Vusi Mona is absurdly out of touch with reality
Mark Ridgeway, the COO of the Electronic Toll Collection (ETC), was recently quoted as saying (Business Report, 26th November 2015); “a total of R5.9 billion in e-tolls was outstanding at the 60 percent discounted rate in terms of the new dispensation… with 81% of this debt being held by 17% or 518,000 account holders [freeway users]”. Extrapolated, this means that there are 3,047,000 of the “3,34 million freeway account holders” who have not paid, according to Mr Ridgway’s statement.
“These are not OUTA’s figures, they are ETC’s,” says Wayne Duvenage, OUTA’s Chairman, “Yet Mr. Mona claims that they have ‘1.2 million registered e-toll users of whom about 500 000 belong to fleets and 80 000 to government vehicles’. So while Mr Mona’s smoke and mirror talk tries to hide behind statistics of vehicles registered on SANRAL’s system, the collection figures tell the real story and indicate a substantial abandonment of the scheme, even by previously registered users. Mr Ridgeway’s information concurs with OUTA’s research, whilst Mr Mona’s ongoing inflated and misleading claims remain at odds with reality.

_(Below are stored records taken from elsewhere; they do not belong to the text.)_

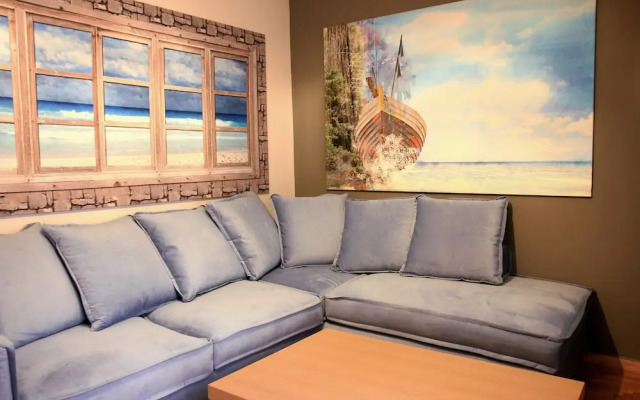 Afinestay at Acropolis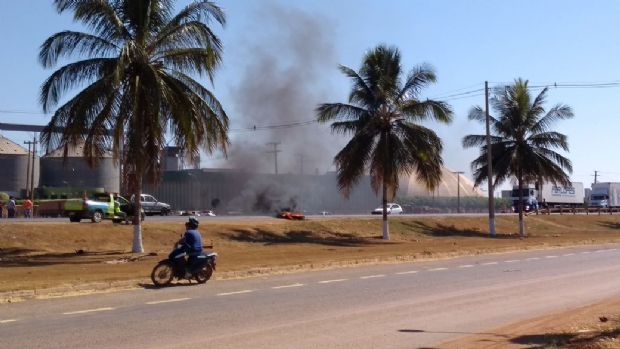 Bloqueios chegam ao quarto dia, mas aberturas mantm abastecimento; caminhoneiros podem 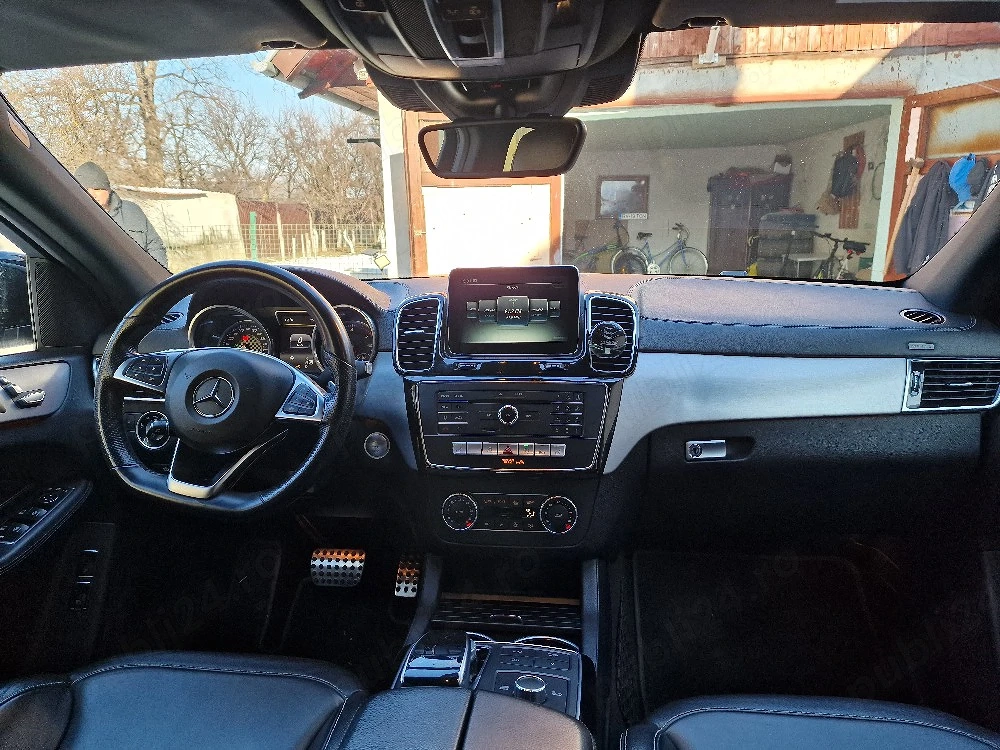 Mercedes-benz  gle-coupe amg 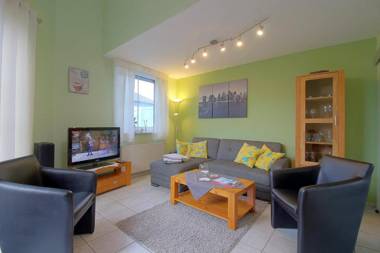 LT 33 Achteckhaus Manu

As regards to Mr Mona’s claim that six courts have upheld e-tolls as being legitimate, this is not correct, as no court has found on the legitimacy of e-tolls. However, a court has found that the GFIP toll roads were not legitimately proclaimed because SANRAL did not provide all the information to place the Minister of Transport in a position to make an informed decision (HMKL 3 Investments vs SANRAL 2011). The courts also found that the N4 toll road to Mpumalanga was not proclaimed in a lawful way (State vs. Smit, 2006). In other words, the courts have found, at least twice (three times if you include Western Cape Winelands toll saga) that SANRAL operates outside the very laws it wishes citizens to uphold.
In reference to Mr Mona’s anxiety about OUTA’s growing contributions from its public and business supportership base, we believe these active citizens are being driven by the following two reasons; firstly out of principle and solidarity against the abusive extraction of the e-toll tax and secondly, because the Opposition to Urban Tolling Alliance (OUTA) has geared its operation to offer the country’s motoring public the most potent defense against SANRAL’s coercive tactics and threats of prosecution.
Furthermore, it is clear to us more than ever before that the scheme has now officially failed, following Mr Mona’s admission that less than 1% of the outstanding e-toll debt has been collected (R40 million of R5,9 billion) in the first and most critical month of the six months dispensation. “This is like inviting 100 people to your party and only one person arrives, making it a bigger failure than the most pessimistic projections could have anticipated.” says Duvenage,
Contrary to Mr Mona’s claim that OUTA ‘breaks down – it does not build’, we uphold that OUTA is a responsible civil intervention organization that builds a stronger country by thwarting state owned organisations from abusing their position of power without consequence.